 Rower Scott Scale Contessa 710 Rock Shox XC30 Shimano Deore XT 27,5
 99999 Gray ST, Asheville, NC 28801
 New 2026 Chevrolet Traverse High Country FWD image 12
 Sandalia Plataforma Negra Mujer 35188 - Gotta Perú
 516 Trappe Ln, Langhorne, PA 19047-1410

==

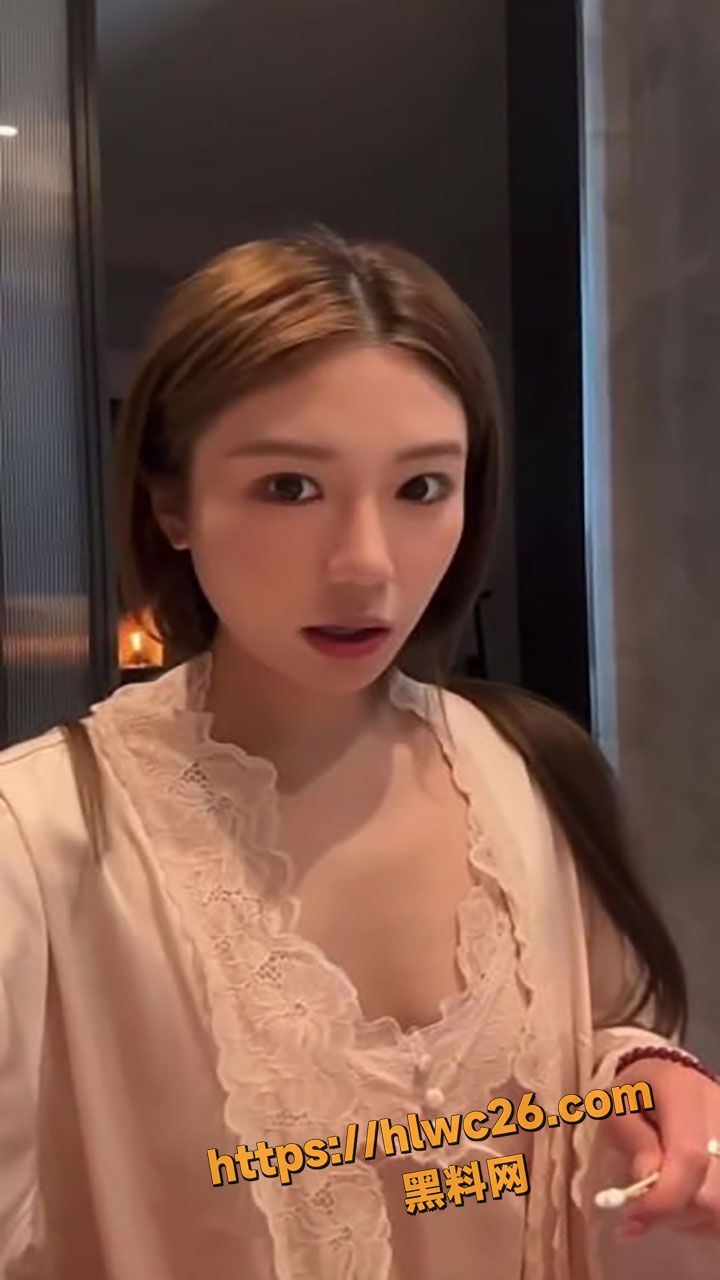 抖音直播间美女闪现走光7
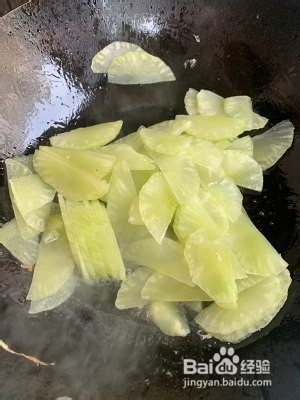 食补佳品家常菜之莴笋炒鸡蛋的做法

---

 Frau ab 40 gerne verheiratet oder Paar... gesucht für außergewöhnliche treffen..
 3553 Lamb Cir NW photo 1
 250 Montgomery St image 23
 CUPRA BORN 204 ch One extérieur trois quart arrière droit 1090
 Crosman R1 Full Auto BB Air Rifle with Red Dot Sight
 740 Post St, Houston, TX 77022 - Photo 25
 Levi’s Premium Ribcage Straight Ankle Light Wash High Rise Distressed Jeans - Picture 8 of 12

• **Exercise aim**
Please, from the entries above, set down exactly the lines from the one containing "99999 Gray ST, Asheville, NC 28801" through the one containing "516 Trappe Ln, Langhorne, PA 19047-1410", and only those.

• **Response box**
 99999 Gray ST, Asheville, NC 28801
 New 2026 Chevrolet Traverse High Country FWD image 12
 Sandalia Plataforma Negra Mujer 35188 - Gotta Perú
 516 Trappe Ln, Langhorne, PA 19047-1410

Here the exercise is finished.